REQUIREMENT
Below are several entries. Transcribe exactly those lines that fall from the one with "Good afternoon, ladies" through the one with "Waxman felt products", end lines included.

STUDY MATERIAL
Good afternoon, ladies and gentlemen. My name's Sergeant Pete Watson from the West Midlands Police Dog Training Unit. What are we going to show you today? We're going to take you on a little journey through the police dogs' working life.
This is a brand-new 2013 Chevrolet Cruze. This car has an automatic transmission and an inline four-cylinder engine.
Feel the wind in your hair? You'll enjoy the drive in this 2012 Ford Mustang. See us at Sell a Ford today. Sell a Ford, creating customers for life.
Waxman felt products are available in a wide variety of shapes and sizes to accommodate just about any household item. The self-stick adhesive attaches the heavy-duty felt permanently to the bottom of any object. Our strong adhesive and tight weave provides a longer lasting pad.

* * *

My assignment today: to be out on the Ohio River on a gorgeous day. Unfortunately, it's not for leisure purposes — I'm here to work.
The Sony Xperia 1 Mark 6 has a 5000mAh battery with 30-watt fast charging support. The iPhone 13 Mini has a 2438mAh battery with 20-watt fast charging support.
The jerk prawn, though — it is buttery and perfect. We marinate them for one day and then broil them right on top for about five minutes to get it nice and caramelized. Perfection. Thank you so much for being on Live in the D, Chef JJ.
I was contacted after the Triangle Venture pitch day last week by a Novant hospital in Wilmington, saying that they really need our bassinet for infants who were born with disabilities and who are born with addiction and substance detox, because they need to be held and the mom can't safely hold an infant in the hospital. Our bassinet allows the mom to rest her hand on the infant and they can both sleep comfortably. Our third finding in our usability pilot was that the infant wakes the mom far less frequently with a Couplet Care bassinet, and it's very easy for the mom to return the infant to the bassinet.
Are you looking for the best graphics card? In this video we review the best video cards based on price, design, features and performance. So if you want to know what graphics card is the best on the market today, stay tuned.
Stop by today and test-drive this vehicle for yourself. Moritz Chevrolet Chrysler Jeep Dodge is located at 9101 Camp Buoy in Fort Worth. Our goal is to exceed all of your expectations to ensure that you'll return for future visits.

ANSWER FOR THE TASK
Good afternoon, ladies and gentlemen. My name's Sergeant Pete Watson from the West Midlands Police Dog Training Unit. What are we going to show you today? We're going to take you on a little journey through the police dogs' working life.
This is a brand-new 2013 Chevrolet Cruze. This car has an automatic transmission and an inline four-cylinder engine.
Feel the wind in your hair? You'll enjoy the drive in this 2012 Ford Mustang. See us at Sell a Ford today. Sell a Ford, creating customers for life.
Waxman felt products are available in a wide variety of shapes and sizes to accommodate just about any household item. The self-stick adhesive attaches the heavy-duty felt permanently to the bottom of any object. Our strong adhesive and tight weave provides a longer lasting pad.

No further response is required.